Central Bank of Kenya’s minimum requirement for this ratio is pegged at 10.5 per cent but BOA’s was at 4.8 per cent by the end of June.
Another capital adequacy ratio is the total capital to total risk weighted assets, whose regulatory minimum is at 14.5 per cent. However, BOA’s was at 8.4 per cent.
“Bank of Africa Kenya has received approval from Cabinet Secretary for the National Treasury and Planning to recognise Sh1.5 billion as Tier 1 capital, thereby bringing the shareholding of the bank’s parent company, BOA Group SA, above the statutory threshold of 25 per cent for a non-regulated entity,” said BOA in a statement.
The funds have been held by the bank as a customer deposit since March 2020, as BOA Group sought the exemption of the Cabinet Secretary for the increase of its shareholding in the bank.

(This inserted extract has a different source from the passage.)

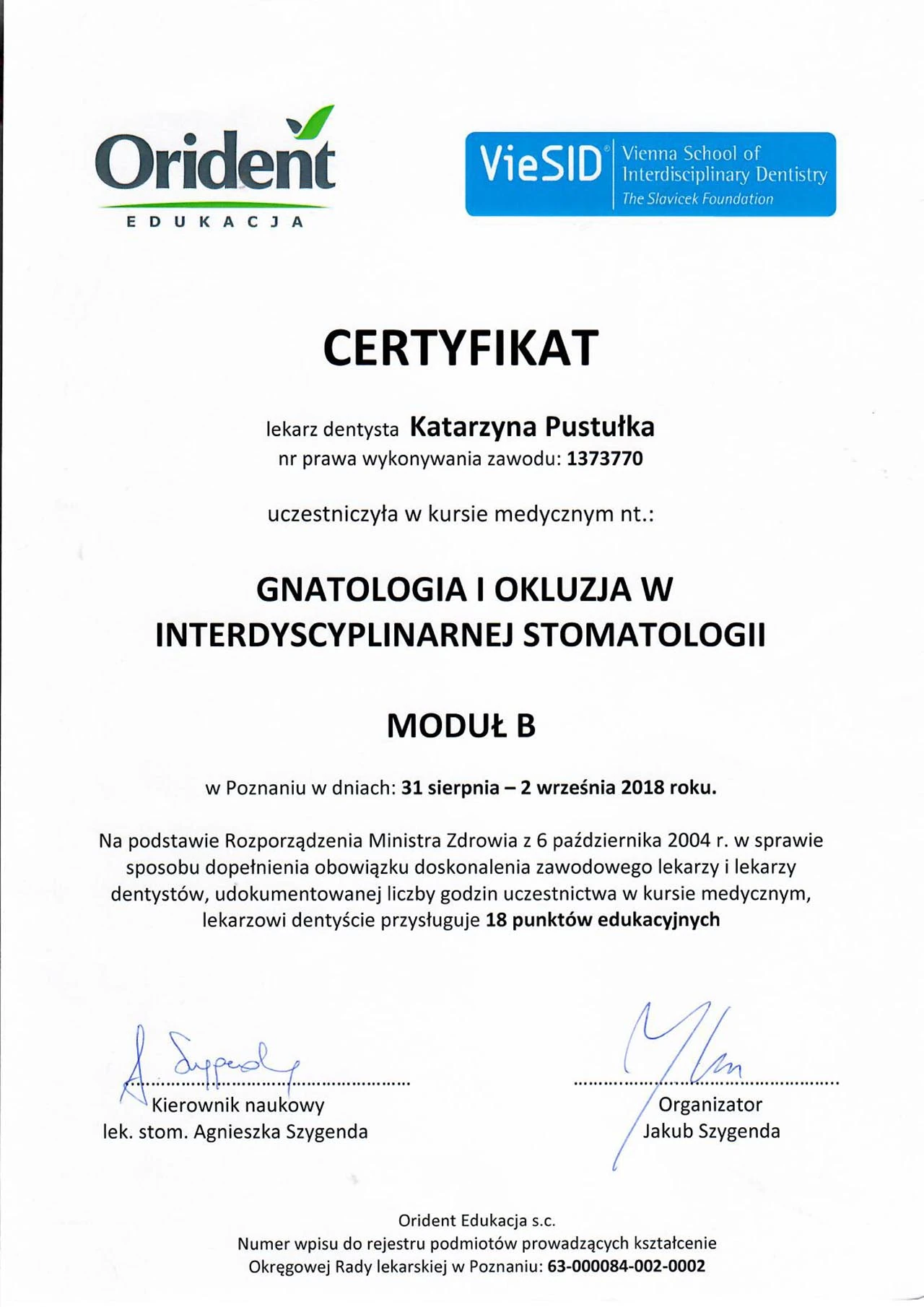 katarzyna-pustulka-certyfikat22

BOA undertook a massive clean-up exercise in 2019 to provide for its non-performing portfolio which eroded its capital adequacy ratios, and as a show of confidence in its subsidiary, BOA Group quickly injected the needed capital.
In its annual report for 2019, the bank agreed that its capital adequacy ratios were inadequate to meet the regulatory minimum ratios.
“The shareholder is injecting an additional $15 million (Sh1.5 billion) in tier 1 capital and $7.5 million (Sh750 million) in tier 2 capital,” said the lender in a statement.
The first tranche of the money was to be disbursed by March 2020 while the second one, a subordinated debt, is to be disbursed by December 31, 2020.